**YOUR OBJECTIVE**
What are the lines, word for word, from the line with "都筑中央公園（ローザ・つづきく）" up to and including the line with "Victory Gardens Landscaping" in the records below? Omit the pictures.

**THE RECORDS**
= = = = = = =

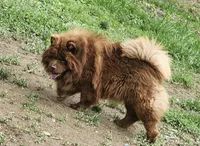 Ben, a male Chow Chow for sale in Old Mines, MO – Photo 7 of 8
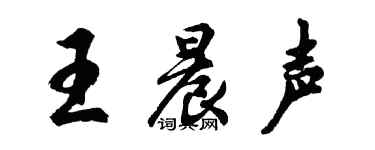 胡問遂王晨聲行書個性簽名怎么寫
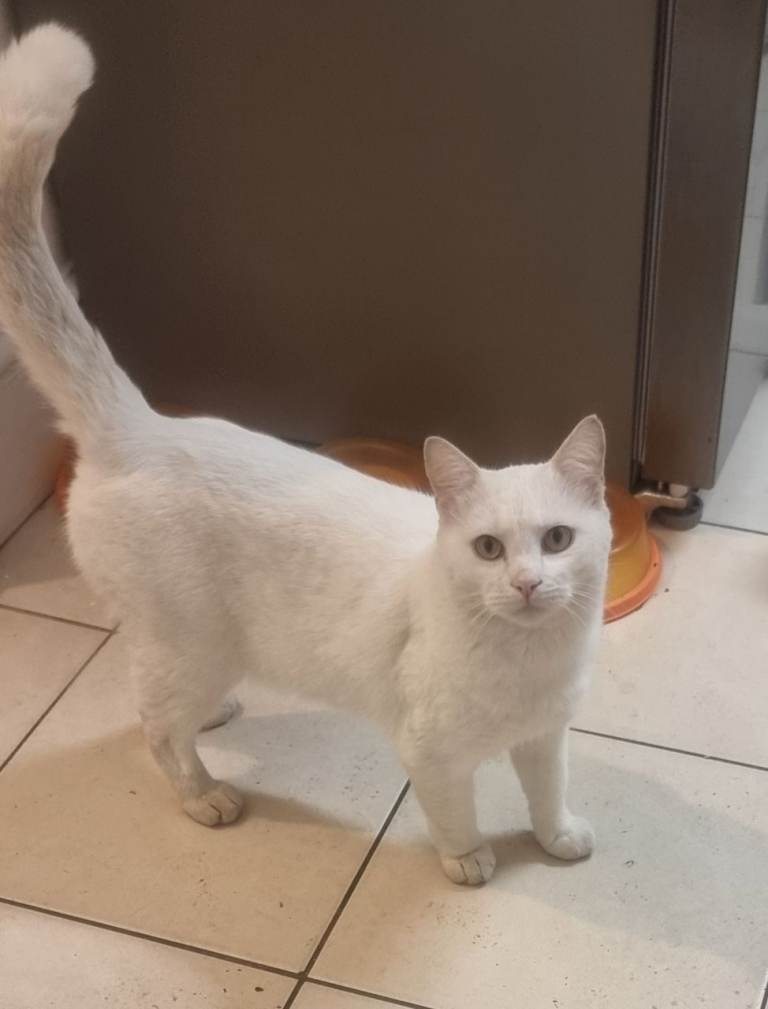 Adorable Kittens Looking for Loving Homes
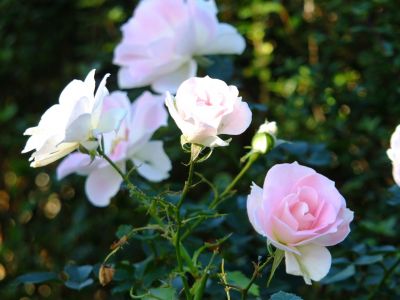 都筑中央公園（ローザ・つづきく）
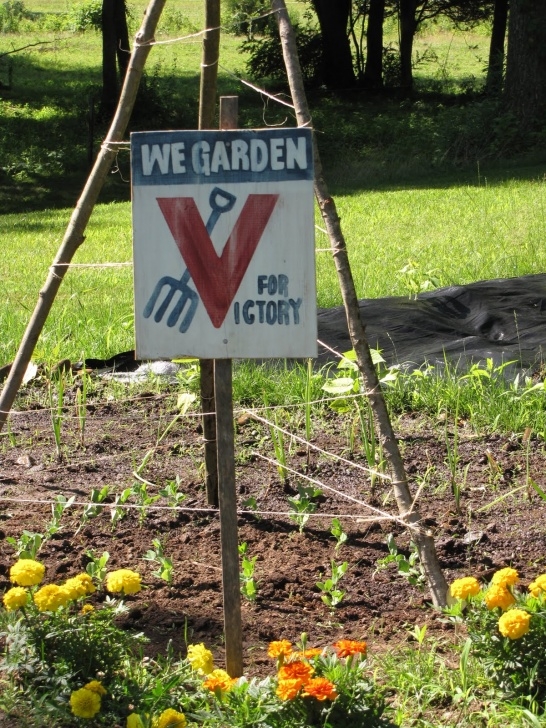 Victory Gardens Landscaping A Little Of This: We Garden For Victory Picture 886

= = = = = = =

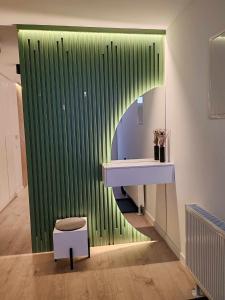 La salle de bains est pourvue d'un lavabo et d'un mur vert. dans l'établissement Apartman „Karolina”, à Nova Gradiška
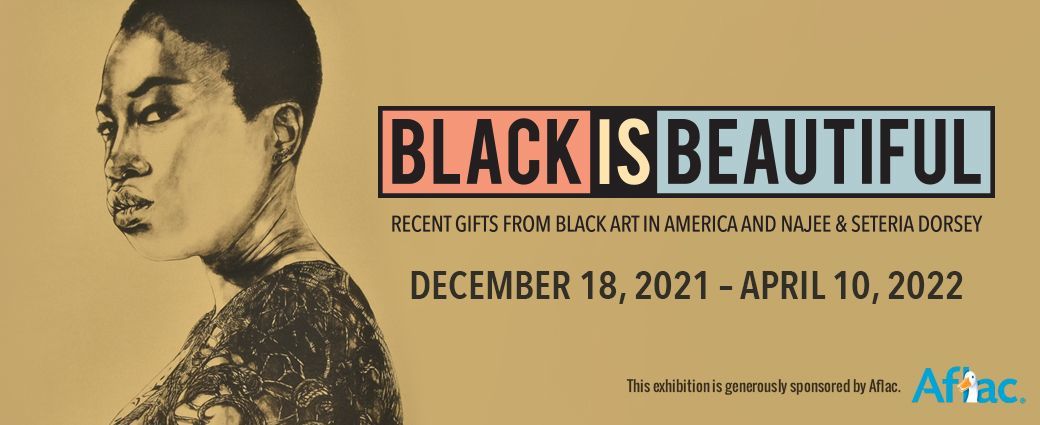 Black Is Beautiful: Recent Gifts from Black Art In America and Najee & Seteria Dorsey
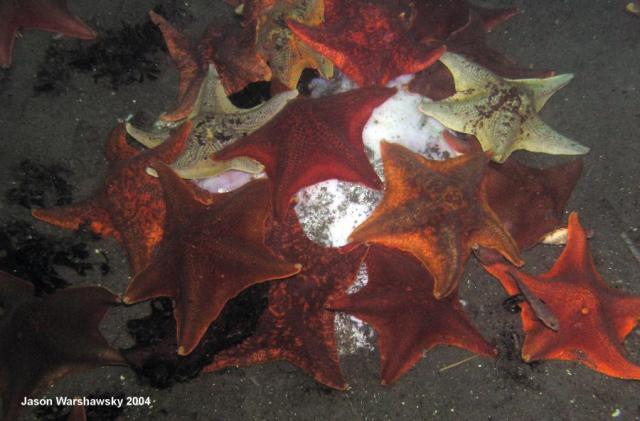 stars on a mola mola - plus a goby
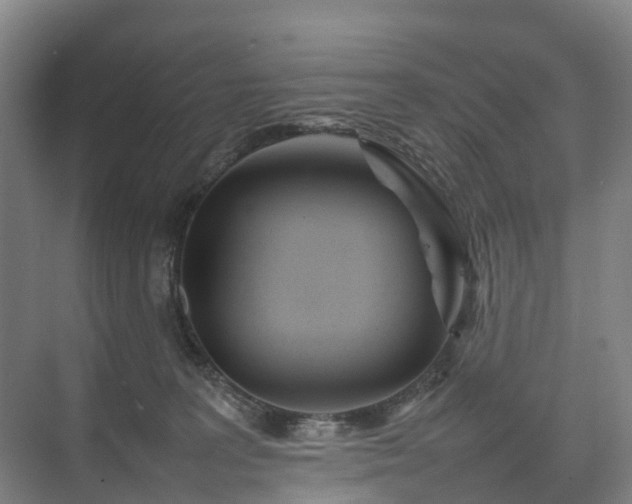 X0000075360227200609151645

= = = = = = =

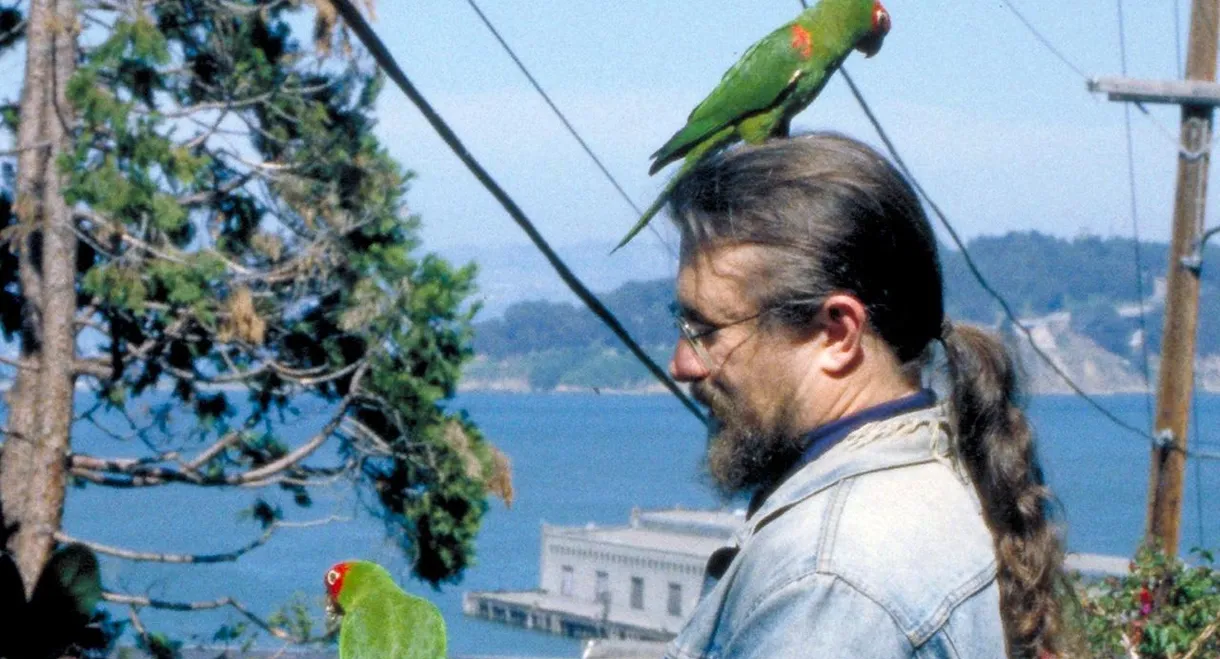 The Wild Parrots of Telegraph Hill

= = = = = = =

**SOLUTION**
 都筑中央公園（ローザ・つづきく）
 Victory Gardens Landscaping A Little Of This: We Garden For Victory Picture 886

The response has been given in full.